ZDB

Music
Concerts

Veenho

— ZDB at Casa da Cultura, Setúbal

Sat11.11.2309:30PM
Casa da Cultura, Setúbal


Veenho ©Xipipa

The first time I heard VEENHO’s music, I was immediately overwhelmed with enthusiasm. Right from the first listen, I felt it was obvious that I was listening to a group of friends who share a clear vision of the music they want to produce together. Without beating about the bush, they get straight to the point and don’t overload their melodies with the pretentiousness so common in today’s music scene. The result is brutally raw, sincere and honest.

On this new album, the enthusiasm remains, with a throbbing pulse. However, it’s now noticeable that the band has perfected its ability to focus with greater determination on the direction it wants to take. You can hear a play of dichotomies between the catharsis of externalization and the introspection needed to reach the conclusions that result in this set of songs. Although they’re just doing their own thing, they have the dexterity to honor the legacy of the alternative rock forefathers who opened the door to our contemporary sensibility.

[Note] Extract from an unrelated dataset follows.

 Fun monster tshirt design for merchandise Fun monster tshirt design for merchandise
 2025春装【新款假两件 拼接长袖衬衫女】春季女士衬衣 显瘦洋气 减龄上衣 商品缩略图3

If we look back ten years in the history of indie rock from Olisipon, we certainly wish that the bands of that era had been able to sound like this, in a place where distortion and clarity can coexist. The attention paid to the timbre of each instrument in this studio work is notable. All the textures matter, and if there are moments with low fidelity elements, we feel their intentionality, that is, it’s not just a gimmick to mask inability or laziness – on the contrary, it’s an asset.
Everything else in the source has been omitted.